Go through the entries below. Copy each line in which "heritage" appears.

[Dataset records]
↓

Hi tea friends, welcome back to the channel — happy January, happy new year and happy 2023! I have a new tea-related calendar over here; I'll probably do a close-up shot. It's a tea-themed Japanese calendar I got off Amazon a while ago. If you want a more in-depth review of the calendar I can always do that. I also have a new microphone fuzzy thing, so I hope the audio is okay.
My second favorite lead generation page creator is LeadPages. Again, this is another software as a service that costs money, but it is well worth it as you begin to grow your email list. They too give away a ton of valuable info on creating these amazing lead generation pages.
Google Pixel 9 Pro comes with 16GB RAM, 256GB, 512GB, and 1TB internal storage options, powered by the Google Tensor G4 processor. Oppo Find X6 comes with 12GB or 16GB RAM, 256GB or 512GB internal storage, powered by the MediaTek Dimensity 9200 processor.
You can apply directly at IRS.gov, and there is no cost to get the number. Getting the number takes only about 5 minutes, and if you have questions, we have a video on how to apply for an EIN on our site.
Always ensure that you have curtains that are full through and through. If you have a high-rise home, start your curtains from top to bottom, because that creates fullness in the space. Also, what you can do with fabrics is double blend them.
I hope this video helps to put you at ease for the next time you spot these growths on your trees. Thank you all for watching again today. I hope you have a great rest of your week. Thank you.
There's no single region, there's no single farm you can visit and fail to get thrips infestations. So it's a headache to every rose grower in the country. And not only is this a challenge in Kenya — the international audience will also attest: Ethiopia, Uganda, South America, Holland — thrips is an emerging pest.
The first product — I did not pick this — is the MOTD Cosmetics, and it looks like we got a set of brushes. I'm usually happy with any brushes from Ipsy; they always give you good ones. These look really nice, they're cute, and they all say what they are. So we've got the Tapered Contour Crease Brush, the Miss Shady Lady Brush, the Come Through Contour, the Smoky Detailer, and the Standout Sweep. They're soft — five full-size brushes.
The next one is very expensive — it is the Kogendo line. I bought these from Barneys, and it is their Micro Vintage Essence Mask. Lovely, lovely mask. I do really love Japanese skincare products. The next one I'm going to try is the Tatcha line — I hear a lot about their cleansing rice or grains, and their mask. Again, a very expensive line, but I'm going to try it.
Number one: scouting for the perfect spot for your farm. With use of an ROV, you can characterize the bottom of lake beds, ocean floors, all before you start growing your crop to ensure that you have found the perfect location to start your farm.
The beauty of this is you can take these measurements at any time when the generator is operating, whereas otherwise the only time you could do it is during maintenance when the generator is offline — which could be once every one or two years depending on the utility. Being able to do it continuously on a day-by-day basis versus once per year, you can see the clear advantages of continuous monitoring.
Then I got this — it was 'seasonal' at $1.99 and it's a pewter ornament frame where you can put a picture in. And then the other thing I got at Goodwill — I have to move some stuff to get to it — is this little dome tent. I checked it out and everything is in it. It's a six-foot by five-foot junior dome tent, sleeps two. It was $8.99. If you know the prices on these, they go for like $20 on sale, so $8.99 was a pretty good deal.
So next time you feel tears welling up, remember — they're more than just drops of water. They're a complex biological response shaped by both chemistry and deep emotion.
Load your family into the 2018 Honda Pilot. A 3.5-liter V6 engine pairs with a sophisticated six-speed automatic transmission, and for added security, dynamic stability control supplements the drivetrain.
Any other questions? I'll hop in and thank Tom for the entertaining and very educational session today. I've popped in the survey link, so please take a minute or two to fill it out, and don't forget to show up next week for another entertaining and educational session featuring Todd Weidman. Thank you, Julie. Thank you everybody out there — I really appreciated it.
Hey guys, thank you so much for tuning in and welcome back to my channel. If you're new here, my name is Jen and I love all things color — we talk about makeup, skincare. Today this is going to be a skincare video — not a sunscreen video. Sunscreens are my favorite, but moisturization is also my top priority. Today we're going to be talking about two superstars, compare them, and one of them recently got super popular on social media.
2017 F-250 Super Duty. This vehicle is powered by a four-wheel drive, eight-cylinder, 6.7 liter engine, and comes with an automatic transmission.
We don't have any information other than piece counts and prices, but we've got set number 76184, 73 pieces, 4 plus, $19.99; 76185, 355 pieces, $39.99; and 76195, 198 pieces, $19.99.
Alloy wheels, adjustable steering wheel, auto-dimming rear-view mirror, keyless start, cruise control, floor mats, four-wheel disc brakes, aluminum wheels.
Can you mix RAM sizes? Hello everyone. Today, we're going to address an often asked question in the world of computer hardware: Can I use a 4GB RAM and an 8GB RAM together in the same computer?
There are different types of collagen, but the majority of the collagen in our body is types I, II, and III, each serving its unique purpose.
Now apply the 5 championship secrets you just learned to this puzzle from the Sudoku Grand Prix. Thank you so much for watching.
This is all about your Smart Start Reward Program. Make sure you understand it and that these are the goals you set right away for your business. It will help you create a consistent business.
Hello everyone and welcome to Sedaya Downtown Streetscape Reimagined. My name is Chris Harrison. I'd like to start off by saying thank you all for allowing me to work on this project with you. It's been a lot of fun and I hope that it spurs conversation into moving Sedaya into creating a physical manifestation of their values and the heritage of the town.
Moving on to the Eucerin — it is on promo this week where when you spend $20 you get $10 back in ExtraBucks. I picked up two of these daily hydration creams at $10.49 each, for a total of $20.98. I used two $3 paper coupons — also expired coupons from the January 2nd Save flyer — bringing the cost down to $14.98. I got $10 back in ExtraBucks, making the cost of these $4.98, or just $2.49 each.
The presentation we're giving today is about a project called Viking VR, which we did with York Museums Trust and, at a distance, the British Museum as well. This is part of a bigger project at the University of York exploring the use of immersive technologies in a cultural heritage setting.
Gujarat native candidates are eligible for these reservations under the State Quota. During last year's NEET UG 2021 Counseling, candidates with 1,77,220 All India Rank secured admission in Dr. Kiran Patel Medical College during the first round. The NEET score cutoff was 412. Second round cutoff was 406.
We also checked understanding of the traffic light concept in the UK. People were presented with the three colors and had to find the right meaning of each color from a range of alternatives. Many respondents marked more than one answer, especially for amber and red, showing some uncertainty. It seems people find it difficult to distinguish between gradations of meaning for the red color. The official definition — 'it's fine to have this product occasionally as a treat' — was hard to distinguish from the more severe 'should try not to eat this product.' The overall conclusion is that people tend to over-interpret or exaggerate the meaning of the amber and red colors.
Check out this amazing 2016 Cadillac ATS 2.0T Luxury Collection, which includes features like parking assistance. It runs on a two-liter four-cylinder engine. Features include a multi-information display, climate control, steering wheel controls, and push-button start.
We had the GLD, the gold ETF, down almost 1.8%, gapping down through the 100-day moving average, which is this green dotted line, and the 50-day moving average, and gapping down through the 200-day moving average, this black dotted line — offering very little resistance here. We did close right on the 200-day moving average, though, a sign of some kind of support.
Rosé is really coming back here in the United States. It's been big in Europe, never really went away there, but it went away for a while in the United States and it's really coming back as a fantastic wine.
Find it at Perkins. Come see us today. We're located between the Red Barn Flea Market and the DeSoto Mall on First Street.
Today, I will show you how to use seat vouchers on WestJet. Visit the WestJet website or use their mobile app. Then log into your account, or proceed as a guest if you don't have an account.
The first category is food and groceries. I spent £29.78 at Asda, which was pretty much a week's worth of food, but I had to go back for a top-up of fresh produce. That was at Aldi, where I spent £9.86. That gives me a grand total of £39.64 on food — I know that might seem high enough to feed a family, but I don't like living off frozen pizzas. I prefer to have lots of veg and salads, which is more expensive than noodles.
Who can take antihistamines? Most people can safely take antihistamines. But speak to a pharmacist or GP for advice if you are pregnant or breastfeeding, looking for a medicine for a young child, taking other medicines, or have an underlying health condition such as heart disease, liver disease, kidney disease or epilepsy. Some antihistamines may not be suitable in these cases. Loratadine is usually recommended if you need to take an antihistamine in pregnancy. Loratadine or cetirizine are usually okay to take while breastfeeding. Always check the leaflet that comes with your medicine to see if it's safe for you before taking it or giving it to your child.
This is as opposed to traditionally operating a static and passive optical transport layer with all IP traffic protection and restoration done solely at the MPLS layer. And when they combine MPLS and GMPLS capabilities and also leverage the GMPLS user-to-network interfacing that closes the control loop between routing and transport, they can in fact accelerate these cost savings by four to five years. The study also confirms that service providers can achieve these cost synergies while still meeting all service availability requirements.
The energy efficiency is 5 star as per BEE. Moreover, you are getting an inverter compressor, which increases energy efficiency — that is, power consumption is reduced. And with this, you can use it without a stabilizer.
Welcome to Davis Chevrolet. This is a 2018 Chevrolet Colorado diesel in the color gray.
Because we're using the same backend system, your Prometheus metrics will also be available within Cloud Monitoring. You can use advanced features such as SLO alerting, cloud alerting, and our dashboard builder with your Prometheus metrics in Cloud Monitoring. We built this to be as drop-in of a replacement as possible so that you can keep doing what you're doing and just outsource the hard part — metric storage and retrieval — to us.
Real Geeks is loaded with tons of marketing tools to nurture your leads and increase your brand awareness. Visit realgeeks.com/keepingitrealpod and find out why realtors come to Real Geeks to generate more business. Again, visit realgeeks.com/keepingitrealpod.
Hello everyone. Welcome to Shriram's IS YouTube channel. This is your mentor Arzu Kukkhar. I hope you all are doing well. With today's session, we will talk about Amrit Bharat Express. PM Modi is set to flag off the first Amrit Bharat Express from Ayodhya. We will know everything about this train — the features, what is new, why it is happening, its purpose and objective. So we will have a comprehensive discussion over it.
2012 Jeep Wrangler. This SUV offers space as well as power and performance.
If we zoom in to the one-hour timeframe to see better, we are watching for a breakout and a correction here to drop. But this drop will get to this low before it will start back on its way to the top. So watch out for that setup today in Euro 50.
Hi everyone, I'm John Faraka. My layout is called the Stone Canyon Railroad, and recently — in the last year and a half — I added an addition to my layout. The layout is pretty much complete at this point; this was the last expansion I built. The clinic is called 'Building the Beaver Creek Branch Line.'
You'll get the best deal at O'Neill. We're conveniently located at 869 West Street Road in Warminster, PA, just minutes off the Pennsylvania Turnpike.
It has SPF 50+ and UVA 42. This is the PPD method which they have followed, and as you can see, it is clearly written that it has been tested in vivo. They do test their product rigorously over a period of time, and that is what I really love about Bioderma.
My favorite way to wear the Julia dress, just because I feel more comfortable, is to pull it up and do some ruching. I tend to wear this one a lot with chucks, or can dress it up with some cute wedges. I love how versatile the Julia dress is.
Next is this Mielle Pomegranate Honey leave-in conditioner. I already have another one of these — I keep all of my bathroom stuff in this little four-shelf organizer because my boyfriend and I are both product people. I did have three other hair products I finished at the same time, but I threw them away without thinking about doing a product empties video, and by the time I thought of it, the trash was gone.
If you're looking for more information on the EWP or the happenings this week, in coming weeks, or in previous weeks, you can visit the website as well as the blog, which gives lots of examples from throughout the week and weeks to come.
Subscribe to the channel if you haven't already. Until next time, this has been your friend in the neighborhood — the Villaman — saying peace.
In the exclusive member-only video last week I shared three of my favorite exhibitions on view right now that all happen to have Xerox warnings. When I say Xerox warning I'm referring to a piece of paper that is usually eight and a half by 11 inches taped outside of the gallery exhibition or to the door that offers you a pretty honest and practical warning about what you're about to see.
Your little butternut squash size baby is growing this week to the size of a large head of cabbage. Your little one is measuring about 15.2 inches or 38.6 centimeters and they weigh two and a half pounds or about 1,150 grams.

↑

● **Written solution**:
Hello everyone and welcome to Sedaya Downtown Streetscape Reimagined. My name is Chris Harrison. I'd like to start off by saying thank you all for allowing me to work on this project with you. It's been a lot of fun and I hope that it spurs conversation into moving Sedaya into creating a physical manifestation of their values and the heritage of the town.
The presentation we're giving today is about a project called Viking VR, which we did with York Museums Trust and, at a distance, the British Museum as well. This is part of a bigger project at the University of York exploring the use of immersive technologies in a cultural heritage setting.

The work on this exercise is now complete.